WHAT YOU WILL DO: Where the data below shows a picture, leave that picture out and copy the rest exactly.

RECORDED INFORMATION:
============================================================

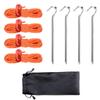 Azarxis Outdoors Tent Stakes Pegs with Reflective Guy Lines Ropes 13ft per Piece with Aluminum Cord Adjuster Tensioner for Camping Hiking Backpacking (4 Silvery Pegs & 4 Orange Cords - 3mm) view 1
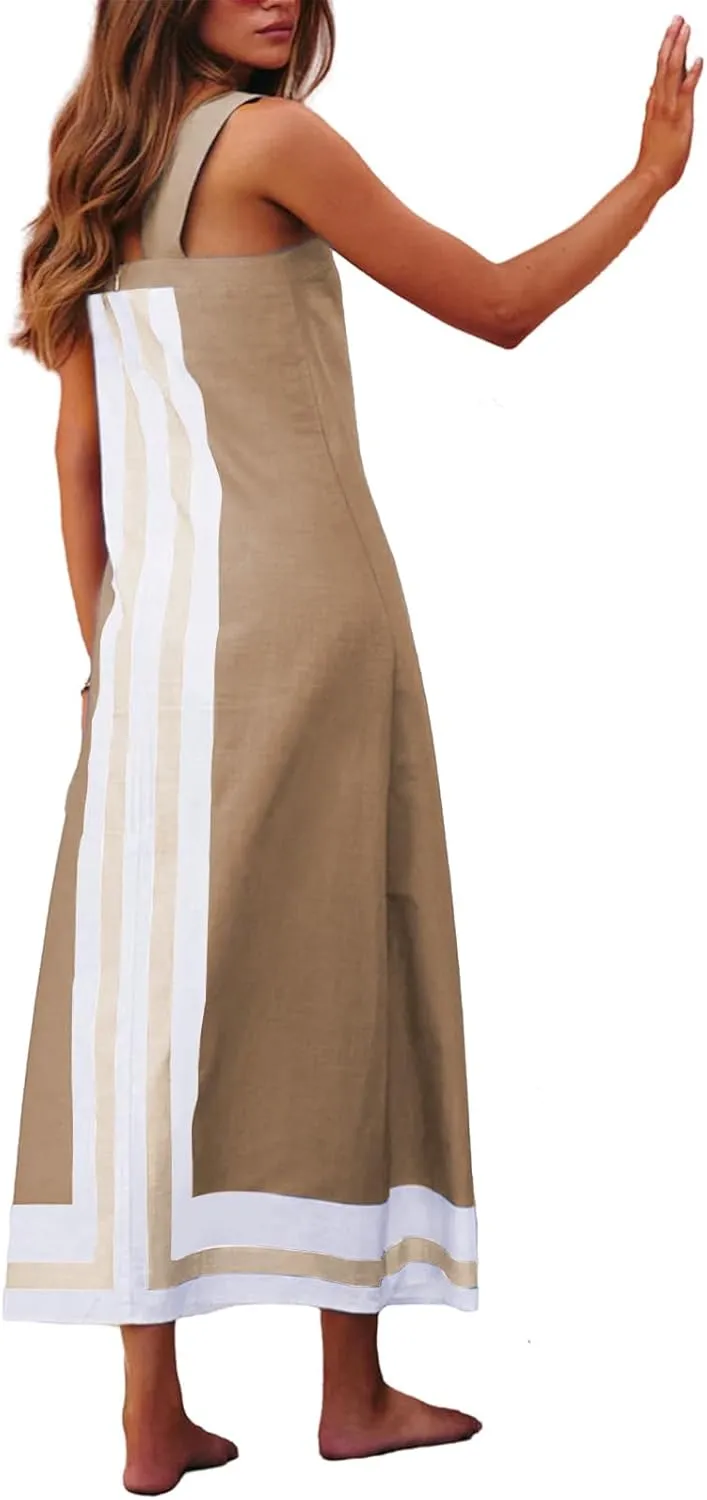 Womne's Dresses Casual Loose Fit Sleeveless Vacation Maxi Dress Fashion Trendy Dressy Dress Summer Sundress 2025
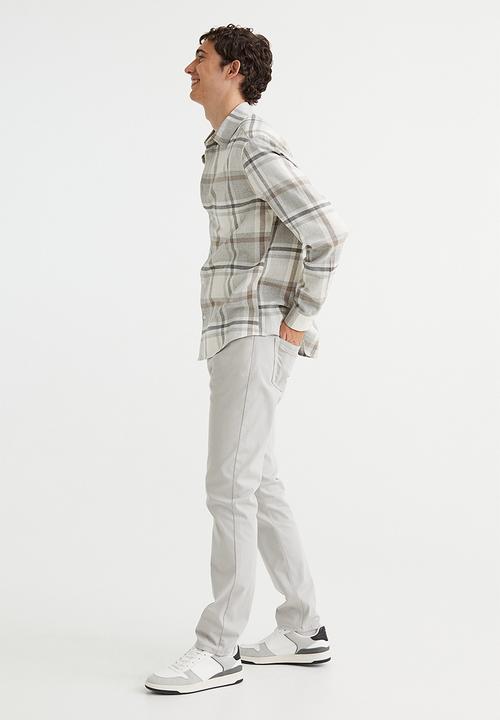 H&M - Slim fit cotton twill trousers - light grey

============================================================

ANSWER SPACE:
 Azarxis Outdoors Tent Stakes Pegs with Reflective Guy Lines Ropes 13ft per Piece with Aluminum Cord Adjuster Tensioner for Camping Hiking Backpacking (4 Silvery Pegs & 4 Orange Cords - 3mm) view 1
 Womne's Dresses Casual Loose Fit Sleeveless Vacation Maxi Dress Fashion Trendy Dressy Dress Summer Sundress 2025
 H&M - Slim fit cotton twill trousers - light grey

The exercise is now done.